**EXERCISE**
If a line in the data below contains the word "from", copy it out.

**DATA SHOWN**
········

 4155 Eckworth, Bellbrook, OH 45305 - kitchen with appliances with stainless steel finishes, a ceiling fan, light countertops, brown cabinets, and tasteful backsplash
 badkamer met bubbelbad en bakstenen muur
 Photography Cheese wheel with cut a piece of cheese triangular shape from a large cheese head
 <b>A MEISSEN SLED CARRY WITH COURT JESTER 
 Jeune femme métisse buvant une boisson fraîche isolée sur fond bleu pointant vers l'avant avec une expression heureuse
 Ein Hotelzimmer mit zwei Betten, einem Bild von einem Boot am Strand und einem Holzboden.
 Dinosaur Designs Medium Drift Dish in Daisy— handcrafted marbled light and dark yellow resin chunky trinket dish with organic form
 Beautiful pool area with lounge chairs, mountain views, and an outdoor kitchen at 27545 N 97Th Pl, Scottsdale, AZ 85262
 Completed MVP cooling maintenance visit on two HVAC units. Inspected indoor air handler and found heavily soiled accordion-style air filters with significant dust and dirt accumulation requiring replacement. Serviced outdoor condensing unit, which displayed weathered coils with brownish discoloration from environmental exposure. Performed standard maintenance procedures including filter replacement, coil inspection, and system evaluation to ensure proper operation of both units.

········

**RESPONSE BOX**
 Photography Cheese wheel with cut a piece of cheese triangular shape from a large cheese head
 Completed MVP cooling maintenance visit on two HVAC units. Inspected indoor air handler and found heavily soiled accordion-style air filters with significant dust and dirt accumulation requiring replacement. Serviced outdoor condensing unit, which displayed weathered coils with brownish discoloration from environmental exposure. Performed standard maintenance procedures including filter replacement, coil inspection, and system evaluation to ensure proper operation of both units.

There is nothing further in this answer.